Alfred Dominick Wright pled guilty to using and carrying a firearm during and in relation to a drug trafficking offense in violation of 18 U.S.C. § 924(c)(1), and distributing five grams or more of cocaine base and a quantity of cocaine in violation of 21 U.S.C. § 841(a)(1), (b)(1)(B), (C). Wright was sentenced to a 70-month sentence for the drug offense and a consecutive 60-month sentence for the firearm offense. Following a series of post-trial motions, his sentence for the drug offense was eventually reduced to 18 months’ imprisonment. Wright was released from custody and is currently on supervised release.1 Wright’s counsel has filed a brief pursuant to Anders v. California, 386 U.S. 738, 87 S.Ct. 1396, 18 L.Ed.2d 493 (1967), asserting that there are no meritorious grounds for appeal, but raising for the court’s consideration the following issues: (1) whether the guilty pleas were knowing and voluntary; (2) whether the district court erred in the sentence reduction it gave in October 2014; and (3) whether Wright received ineffective assistance of counsel when he entered his guilty plea. Wright filed a pro se supplemental brief, expanding on the issues raised by counsel and raising additional issues. The Government did not file a brief.2 We affirm.

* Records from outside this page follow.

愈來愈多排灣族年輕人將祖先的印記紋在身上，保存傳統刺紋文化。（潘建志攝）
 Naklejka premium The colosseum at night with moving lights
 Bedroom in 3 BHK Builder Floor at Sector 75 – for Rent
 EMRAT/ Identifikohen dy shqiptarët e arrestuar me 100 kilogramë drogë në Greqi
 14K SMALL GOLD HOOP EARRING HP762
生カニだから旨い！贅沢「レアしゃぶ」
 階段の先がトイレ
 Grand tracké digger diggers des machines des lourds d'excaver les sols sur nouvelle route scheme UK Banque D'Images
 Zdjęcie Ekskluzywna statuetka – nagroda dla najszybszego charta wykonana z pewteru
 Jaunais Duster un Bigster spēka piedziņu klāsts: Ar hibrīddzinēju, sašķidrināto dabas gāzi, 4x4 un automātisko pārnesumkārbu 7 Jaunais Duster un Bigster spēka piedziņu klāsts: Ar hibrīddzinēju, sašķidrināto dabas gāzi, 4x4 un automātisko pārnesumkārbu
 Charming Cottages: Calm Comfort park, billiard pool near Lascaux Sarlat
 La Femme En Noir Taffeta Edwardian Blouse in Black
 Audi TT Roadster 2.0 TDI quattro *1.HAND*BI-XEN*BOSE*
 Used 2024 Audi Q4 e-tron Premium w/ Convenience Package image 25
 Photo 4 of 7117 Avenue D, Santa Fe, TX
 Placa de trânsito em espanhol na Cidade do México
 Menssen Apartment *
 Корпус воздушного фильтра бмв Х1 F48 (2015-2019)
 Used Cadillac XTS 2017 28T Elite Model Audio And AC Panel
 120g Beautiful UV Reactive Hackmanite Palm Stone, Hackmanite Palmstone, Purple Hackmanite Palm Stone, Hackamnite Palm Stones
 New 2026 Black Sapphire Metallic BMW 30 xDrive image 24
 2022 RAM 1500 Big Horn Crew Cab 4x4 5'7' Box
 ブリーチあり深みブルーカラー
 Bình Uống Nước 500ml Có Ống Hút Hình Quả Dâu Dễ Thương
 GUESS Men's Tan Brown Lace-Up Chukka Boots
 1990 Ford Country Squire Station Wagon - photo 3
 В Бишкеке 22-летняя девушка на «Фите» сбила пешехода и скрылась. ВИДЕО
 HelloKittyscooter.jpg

Our review of Wright’s plea hearing shows that he knowingly and voluntarily pled guilty to his offenses and that the proceeding was conducted substantially in compliance with Fed. R. Crim. P. 11. Despite Wright’s claims to the contrary, we find no reversible error. See United States v. Martinez, 277 F.3d 517, 525 (4th Cir.2002) (noting that when defendant does not seek to withdraw his guilty plea or otherwise preserve any allegation of Rule 11 error, review is for plain error). Accordingly, we affirm his convictions.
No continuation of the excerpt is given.